If you do not provide a budget, the model may choose arbitrary retry counts. State limits like:

• max 3 attempts
• total retry window under 8 seconds
• single request timeout 2 seconds
• background job can tolerate 30 seconds total

These constraints produce more realistic code.

Tell it whether operations are idempotent

Many resilience mistakes come from missing side-effect context. Improve python-resilience usage by labeling operations as:

• safe to retry
• safe only with idempotency key
• unsafe to retry automatically

That changes both the decorator design and the exception filters.

Ask for explicit non-retry rules

Do not only ask “what should be retried?” Also ask:

• what should fail fast?
• what should be surfaced to callers immediately?
• what should be logged but not retried?

This makes the output much more production-usable.

Request observability with the implementation

A good python-resilience guide should not stop at decorators. Ask the model to add:

• attempt count in logs
• exception type
• elapsed time
• final failure reason
• retry exhaustion message

Without this, your resilience layer may hide why calls are failing.

Iterate after the first draft

After the first output, refine with concrete feedback such as:

• “Do not retry POST requests.”
• “Cap total time, not just attempts.”
• “Handle 429 differently from 500.”
• “Use jitter to avoid synchronized retries.”
• “Separate timeout config from retry config.”

This kind of iteration materially improves the implementation.

Test the failure paths the skill proposes

Ask the model to generate tests for:

• transient exception retries
• permanent exception fast-fail behavior
• retry exhaustion
• timeout enforcement
• backoff policy boundaries

Resilience code that is not tested is easy to misconfigure and hard to trust.

Improve the skill output with real traces

If you have logs or sample stack traces, include them. Real failure evidence helps python-resilience recommend narrower exception filters and more believable timeout/backoff settings than abstract prompts do.

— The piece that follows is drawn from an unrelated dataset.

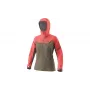 SALEWA γυναικεία Dynafit Radical Softshelljacke - Cabana, Μέγεθος XS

Keep the abstraction level modest

A common failure mode is asking the skill to design a full resilience framework when you only need a reliable client wrapper. Start smaller:

• one function
• one dependency
• one retry policy

Then expand after the pattern proves useful.

Use python-resilience as a review lens

Even if you already wrote the code, python-resilience is useful as a reviewer prompt. Ask it to inspect existing retry logic for:

• unbounded retries
• missing jitter
• bad timeout placement
• retrying permanent failures
• hidden side-effect risks

That review-oriented use case is often the highest-value way to apply the skill in mature codebases.